» EXERCISE DETAILS
An exact reproduction of each record is required.

= = = =

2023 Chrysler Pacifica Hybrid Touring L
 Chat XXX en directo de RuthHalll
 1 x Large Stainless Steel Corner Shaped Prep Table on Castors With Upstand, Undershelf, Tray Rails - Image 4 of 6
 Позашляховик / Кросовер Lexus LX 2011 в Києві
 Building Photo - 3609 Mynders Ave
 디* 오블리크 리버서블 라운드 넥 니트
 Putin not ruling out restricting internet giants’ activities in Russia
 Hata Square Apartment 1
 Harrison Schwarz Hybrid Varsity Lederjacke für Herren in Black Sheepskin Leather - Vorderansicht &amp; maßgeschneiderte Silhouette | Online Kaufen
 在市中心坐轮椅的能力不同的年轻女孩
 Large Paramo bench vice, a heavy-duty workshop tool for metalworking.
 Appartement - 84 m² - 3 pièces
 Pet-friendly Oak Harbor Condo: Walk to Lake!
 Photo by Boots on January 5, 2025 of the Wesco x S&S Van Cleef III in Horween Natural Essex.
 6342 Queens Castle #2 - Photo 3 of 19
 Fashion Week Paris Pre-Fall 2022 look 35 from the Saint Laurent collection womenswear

= = = =

» ANSWER TO THE PROBLEM
2023 Chrysler Pacifica Hybrid Touring L
 Chat XXX en directo de RuthHalll
 1 x Large Stainless Steel Corner Shaped Prep Table on Castors With Upstand, Undershelf, Tray Rails - Image 4 of 6
 Позашляховик / Кросовер Lexus LX 2011 в Києві
 Building Photo - 3609 Mynders Ave
 디* 오블리크 리버서블 라운드 넥 니트
 Putin not ruling out restricting internet giants’ activities in Russia
 Hata Square Apartment 1
 Harrison Schwarz Hybrid Varsity Lederjacke für Herren in Black Sheepskin Leather - Vorderansicht &amp; maßgeschneiderte Silhouette | Online Kaufen
 在市中心坐轮椅的能力不同的年轻女孩
 Large Paramo bench vice, a heavy-duty workshop tool for metalworking.
 Appartement - 84 m² - 3 pièces
 Pet-friendly Oak Harbor Condo: Walk to Lake!
 Photo by Boots on January 5, 2025 of the Wesco x S&S Van Cleef III in Horween Natural Essex.
 6342 Queens Castle #2 - Photo 3 of 19
 Fashion Week Paris Pre-Fall 2022 look 35 from the Saint Laurent collection womenswear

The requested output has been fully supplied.